Cette jurisprudence examine la question de savoir si le TAF est compétent pour examiner les faits nouveaux qui n’ont pas été révélés dans le cadre de la procédure de première instance au moyen d’une procédure de révision (art. 45 LTAF en lien avec les art. 121-123 LTF) ou si cela est de la compétence du SEM dans le cadre d’une procédure de réexamen au sens de l’art. 111b LAsi (consid. 8.1). Le TAF tranche cette question de la manière suivante : les faux novas – soit les faits survenus avant la fin de la procédure de première instance – doivent être invoqués dans le cadre d’une procédure de révision tandis que ceux survenus après (vrais novas) ne constituent pas un tel motif de révision mais peuvent donner lieu à une nouvelle décision du SEM dans le cadre d’une procédure de réexamen (consid. 9.4.1).
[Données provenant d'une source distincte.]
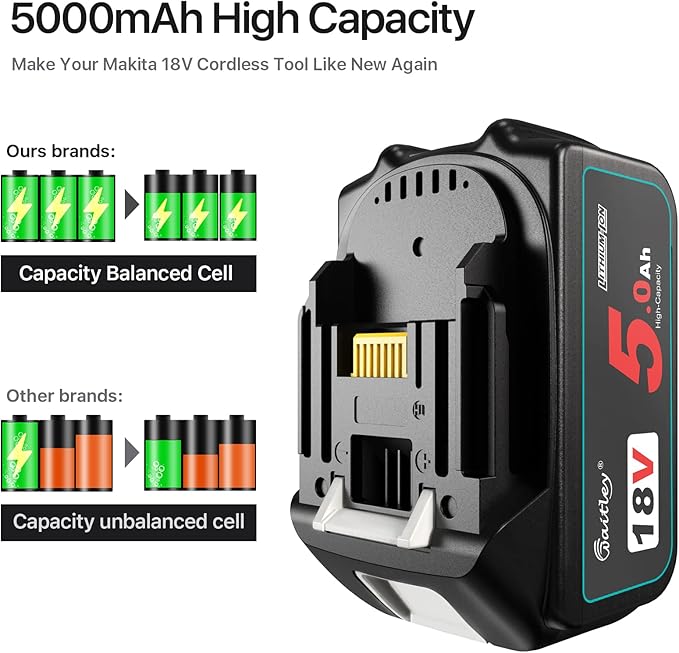 2X Waitley 18V 5.0Ah BL1850B Batteries for Makita Power Tools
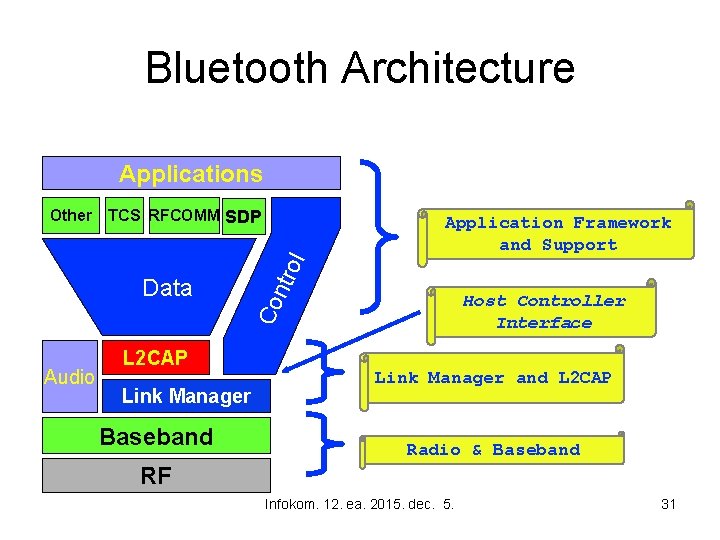 Bluetooth Architecture Applications TCS RFCOMM SDP Audio rol Data L 2 CAP Link Manager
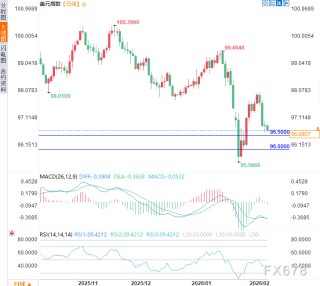 美元示弱，万物反弹？一文看懂非农前的全球资产“预演”逻辑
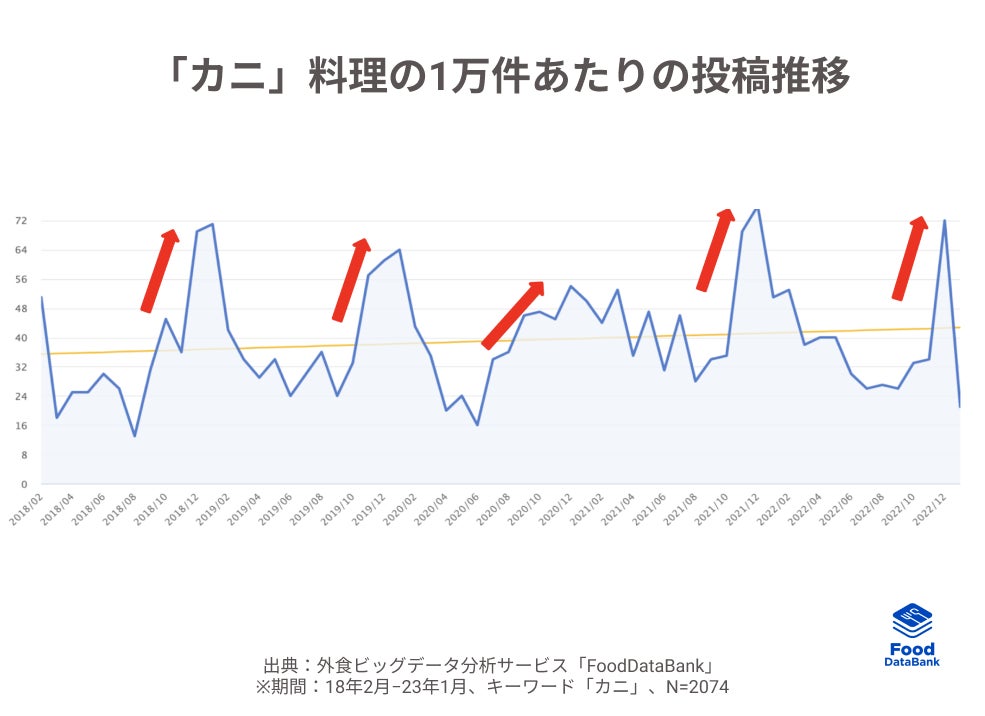 カニ味噌の正体とは？おすすめの食べ方や人気の瓶詰め商品をご紹介！ – 蟹専門店マルツ公式オンラインショップ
En l’espèce, A., dans le cadre d’une seconde procédure d’asile, déclare avoir dissimulé une part importante de ses motifs de fuite lors de sa première demande d’asile (qui a été rejetée). Il s’agit, partant, de faux novas et de ce fait, le TAF est compétent pour les examiner dans le cadre d’une procédure de révision (consid. 9.5).

ATAF 2022 VI/1 (d)

2022-2023

Dans cette affaire, A. et B. ainsi que leurs deux enfants, de nationalités canadienne et ukrainienne et résidant en Ukraine, font une demande de protection provisoire en Suisse à la suite du déclenchement de la guerre. En l’espèce, le SEM puis le TAF leur refusent dite protection. En effet, le TAF rappelle que la LAsi repose sur le principe de la subsidiarité de la protection, duquel découle le fait que les demandeurs d’asile qui ont plusieurs nationalités ne dépendent pas de la protection d’un pays tiers dans la mesure où ils peuvent trouver une protection contre les persécutions dans l’un des Etats dont ils sont les ressortissants ; le Canada en l’occurrence (consid. 6.3). Pour ces motifs, leur recours est rejeté.

ATAF 2023 VI/1 (d)

2022-2023

Dans cette affaire, le TAF examine quel est le délai de recours devant son Autorité lorsque le SEM refuse l’octroi de la protection provisoire à une personne intéressée. Il parvient à la conclusion que le délai pour déposer un tel recours est de trente jours, et non de cinq dans la mesure où une application par analogie des art. 108 al. 3 en lien avec les art. 40 et 6a LAsi ne se justifie pas, les procédures concernées étant tout à fait différentes (consid. 3.9).

ATF 148 IV 281 (d)

2022-2023

Un requérant d’asile s’étant vu opposer une décision de non-entrée en matière est condamné par les autorités zurichoises à une amende de 150 CHF pour violation de son obligation de collaborer à l’obtention de documents d’identité (art. 120 al. 1 let. e en lien avec les art. 120 al. 2 let. b et 90 let. c LEI). Le TF relève que l’obligation d’un requérant d’asile débouté de collaborer à l’obtention des documents de voyage nécessaires à son renvoi est prévue à l’art. 8 al. 4 LAsi. Cette dernière disposition ne prévoit pas de sanction en cas de violation et prime, en vertu de l’art. 2 al. 1 LEI, sur l’obligation de collaborer prévue à l’art. 90 let. c LEI. Partant, c’est à tort que les autorités cantonales ont condamné le recourant sur la base de ce dernier article.

ATF 149 II 1 (d)

2022-2023

Les prestations complémentaires ne relèvent pas de la notion d’aide sociale. Dès lors, leur perception ne saurait fonder la révocation d’un titre de séjour en application des art. 62 al. 1 let. e et 63 al. 1 let. c LEI. Le TF précise qu’il est néanmoins possible de révoquer l’autorisation d’un ressortissant étranger qui dépend de l’aide sociale même lorsque celui-ci invoque qu’une fois à la retraite, ces prestations d’aide sociale seront remplacées par des prestations complémentaires. Tel n’est pas le cas en l’espèce, puisque le recourant ne touche plus que des prestations complémentaires au moment où la décision litigieuse est rendue.